Better for the Brain and Body
TimberNook experiences are developed based on their therapeutic value and ability to inspire children to think and play in new and creative ways. The benefits extend far beyond the duration of the program—children take away valuable skills that can last a lifetime.
The Effects of Outdoor Play on Gross Motor Development
Children challenge their coordination and their vestibular system, also known as their “balance sense,” by moving in all directions while climbing trees, scaling rock walls, rolling down grassy hills, and running from one place to the next. They develop strength and endurance by hiking up hills and carrying heavy rocks, bricks, and sticks.
The Effects of Outdoor Play on Attention
Children improve their attention span when they play outside on a daily basis. Increased movement and activity helps to stimulate and ignite the brain for sustained attention to task.
The Effects of Outdoor Play on Visual Skills
Frequent movement opportunities support a healthy vestibular (balance) sense. This strong vestibular sense supports all six eye muscles for reading, writing, and accurate eye-hand coordination skills.
The Effects of Outdoor Play on Auditory Processing
Playing outdoors provides ample opportunities for children to naturally practice auditory discrimination skills, such as listening to the differences between a Robin call and a Chickadee call, or locating a friend calling their name in woods.
The Effects of Outdoor Play on Fine Motor Development
Grabbing hold of heavy and large objects like tree limbs helps develop strong grasping patterns in little hands–getting the hands ready to do finer and more delicate work such as holding a pencil. Tying knots to secure a fort or whittling sticks before cooking over an open fire all further strengthen essential fine motor muscles.
The Effects of Outdoor Play on Social Skills
Ample, unrestricted outdoor playtime leads to creative social adventures amongst children. They create their own societies in nature, build structures together as a group, and dive into imaginatory games with peers.

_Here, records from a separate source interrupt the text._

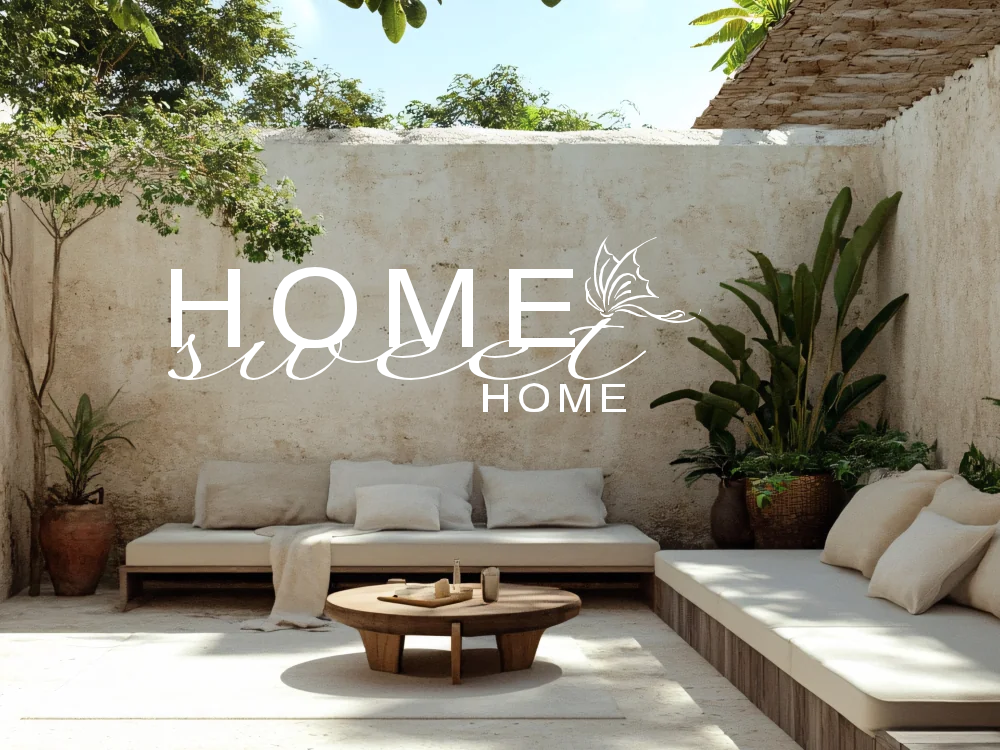 Fassadenfolie Home sweet Home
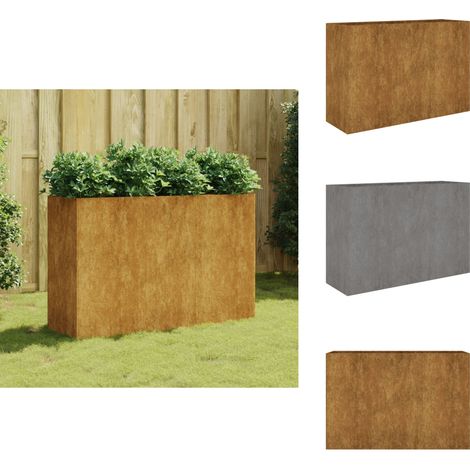 Lit surélevé de jardin 120x40x80 cm acier corten - Jardiniere - Lit Surélevé - Acier Corten - Décoration Extérieur - Plante (1/5)
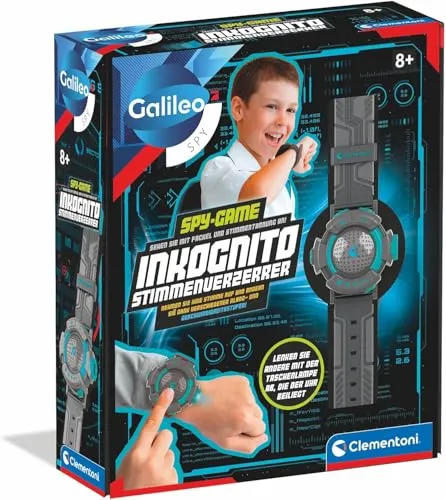 Galileo Spy Inkognito Spionage-Uhr von Clementoni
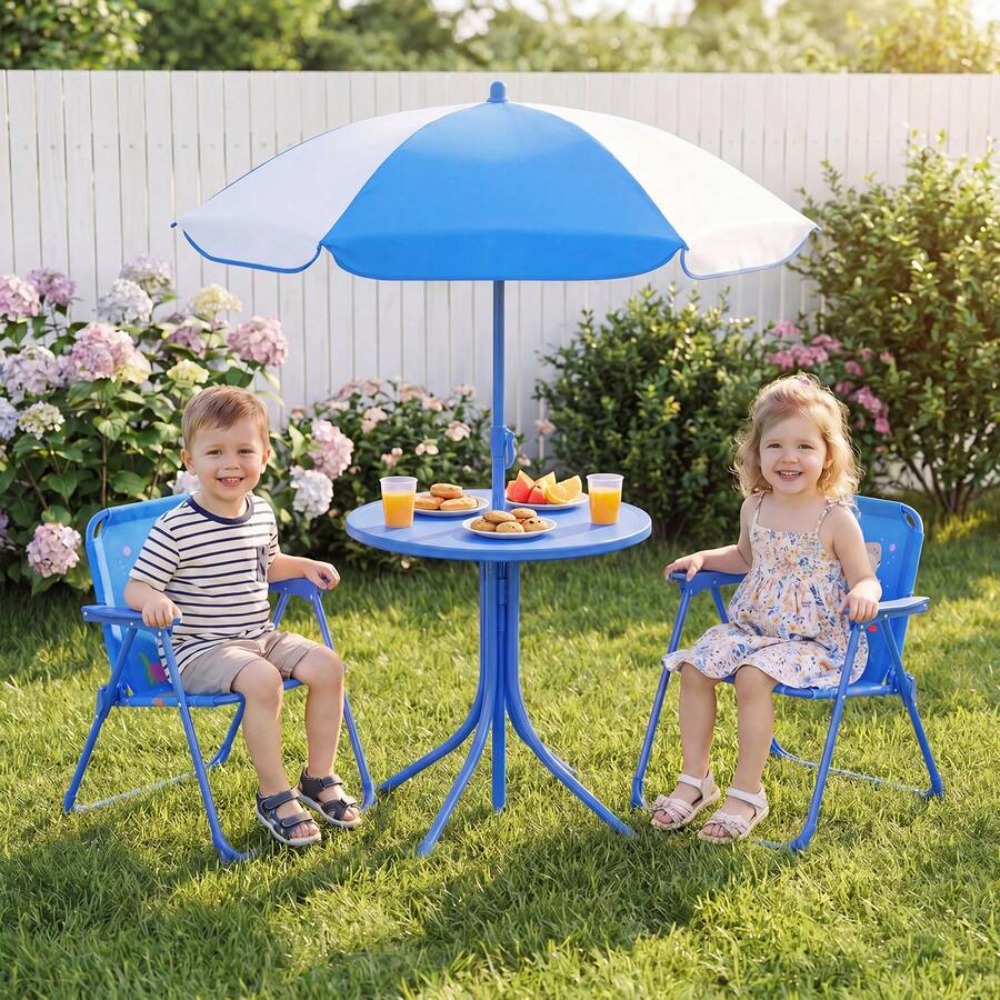 طاولة نزهة للأطفال مع كرسيين ق - مراجعة Kids Outdoor Table And Chairs وسعره
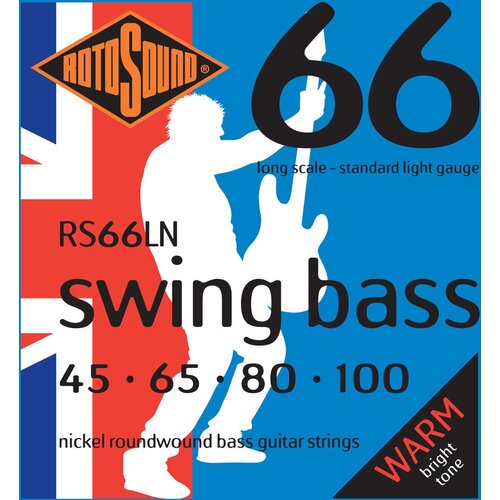 Rotosound žice za bas gitaru 045/100 LONG SCALE SWING BASS - RS66LN Cene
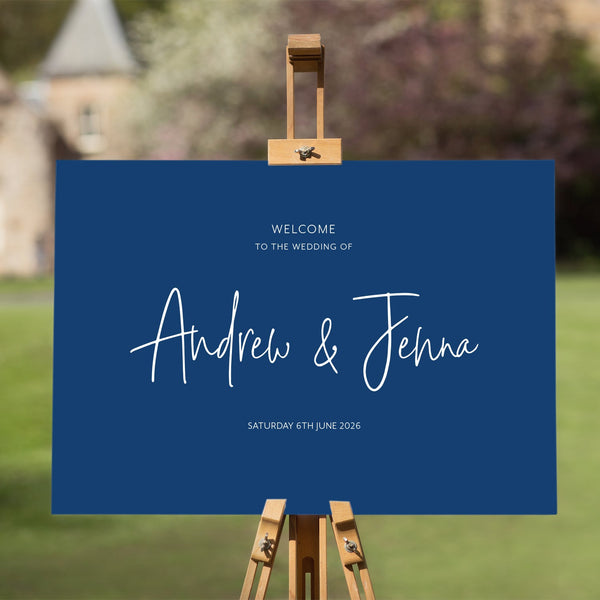 Jenna welcome sign – NIVI Design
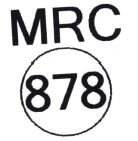 Trademark MRC 878 + LOGO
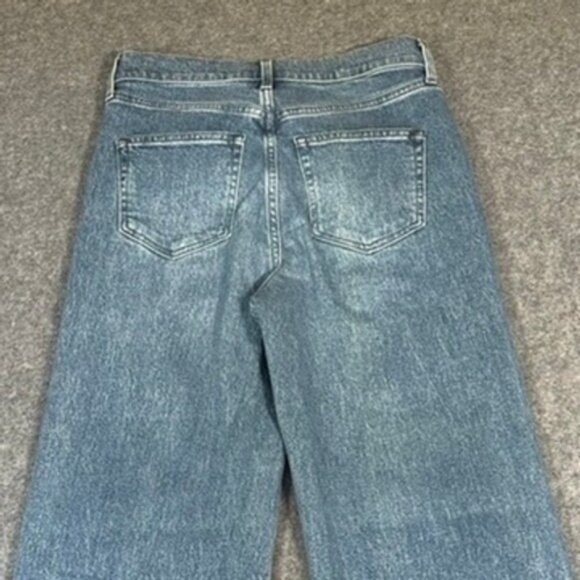 AYR Wide Leg Secret Sauce Comfort Stretch Jeans Size 28S Med Wash Lux Denim Boho - Picture 5 of 13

The Effects of Outdoor Play on Creativity
Children are often inspired to think independently and openly when their environments are carefully crafted to allow ample time, space, and opportunity to design, construct, experiment, problem solve, and use their imaginations.
The Effects of Outdoor Play on Emotional Stability
Getting plenty of movement affects the body’s ability to regulate emotions and activity level. Research proposes that spending time in nature also lowers cortisol levels in the brain, promoting calmness and improved mood.
The Effects of Outdoor Play on Conflict Resolution
When children are encouraged to build, create and play together, they will also be faced with differing viewpoints and ideas that challenge them to problem solve as a group and resolve potential conflicts.
For More About the Benefits of Outdoor Play, Check Out Our Podcast
Our podcasts feature tips on creating inspiring play spaces, child-led play, as well as the vestibular and developmental benefits of outdoor play. To access the podcasts, please click here.
“We love TimberNook! My son has become more confident and social since beginning the TimberNook program. He looks forward to TimberNook events weeks in advance!”
“TimberNook has changed my parenting style and helped me educate teachers and parents at work on the importance of slowing down, trusting kids, and fostering independent play. The body, brain, and senses are challenged through TimberNook experiences. They learn to problem solve, develop gross and fine motor skills, and important emotional/social skills. These foundations are important for stamina in the classroom, math skills, pencil grasp, and much more.”
“Each and every one of my students takes a nap after TimberNook, ‘just sayin…!”
“The most noticeable change I see in my students is the confidence the children gain in themselves, and their ability to problem solve when participating in TimberNook. My students are three. They begin to govern themselves as they create their own rules of play, helping others in need. One time, they found a big mud puddle…. Two of the kids were contemplating their ‘big jump’ into the mud. The laughter that followed was contagious, as they all started jumping into the big hole. They sat down in the mud, took off their boots, and started a whole new level of play.”
“A huge THANK YOU to you and the team. My son had such an amazing time and his behaviour was so happy and settled at home during the week of TimberNook. I had a VERY easy week of parenting.”